> WHAT YOU NEED TO DO: Transcribe every record as it stands and set the images aside.

*** Opening EXERCISE DATA ***

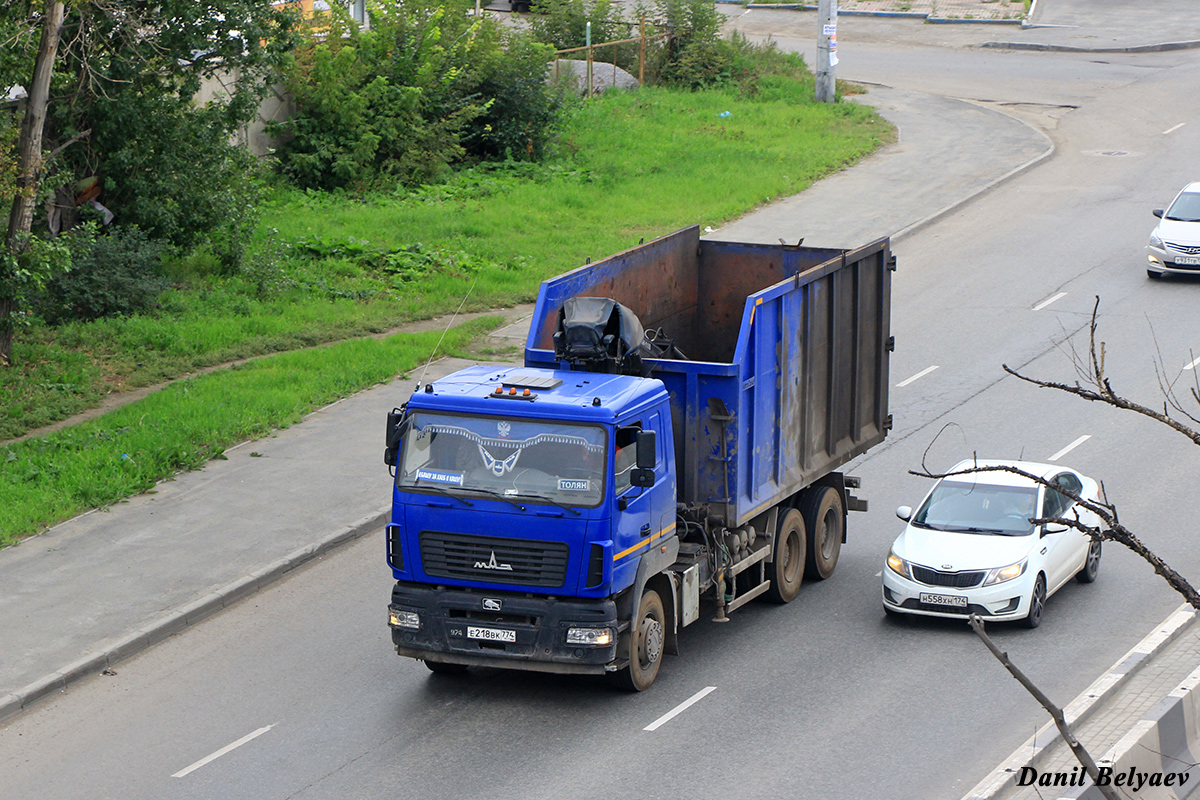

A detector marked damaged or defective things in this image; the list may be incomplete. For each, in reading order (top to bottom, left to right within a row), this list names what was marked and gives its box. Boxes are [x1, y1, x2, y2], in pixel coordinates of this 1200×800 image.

rusty dump body [524, 227, 892, 524]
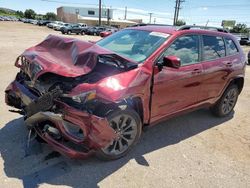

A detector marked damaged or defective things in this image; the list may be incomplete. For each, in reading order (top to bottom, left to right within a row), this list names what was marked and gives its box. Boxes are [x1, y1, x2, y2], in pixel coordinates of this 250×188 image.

damaged front bumper [4, 80, 116, 159]
crumpled hood [18, 35, 117, 79]
damaged red suv [5, 25, 246, 160]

*** Closing EXERCISE DATA ***

> RESULT:
A detector marked damaged or defective things in this image; the list may be incomplete. For each, in reading order (top to bottom, left to right within a row), this list names what was marked and gives its box. Boxes are [x1, y1, x2, y2], in pixel coordinates of this 1200×800 image.

rusty dump body [524, 227, 892, 524]

A detector marked damaged or defective things in this image; the list may be incomplete. For each, in reading order (top to bottom, left to right within a row), this list names what was marked and gives its box. Boxes are [x1, y1, x2, y2], in pixel coordinates of this 250×188 image.

damaged front bumper [4, 80, 116, 159]
crumpled hood [18, 35, 117, 79]
damaged red suv [5, 25, 246, 160]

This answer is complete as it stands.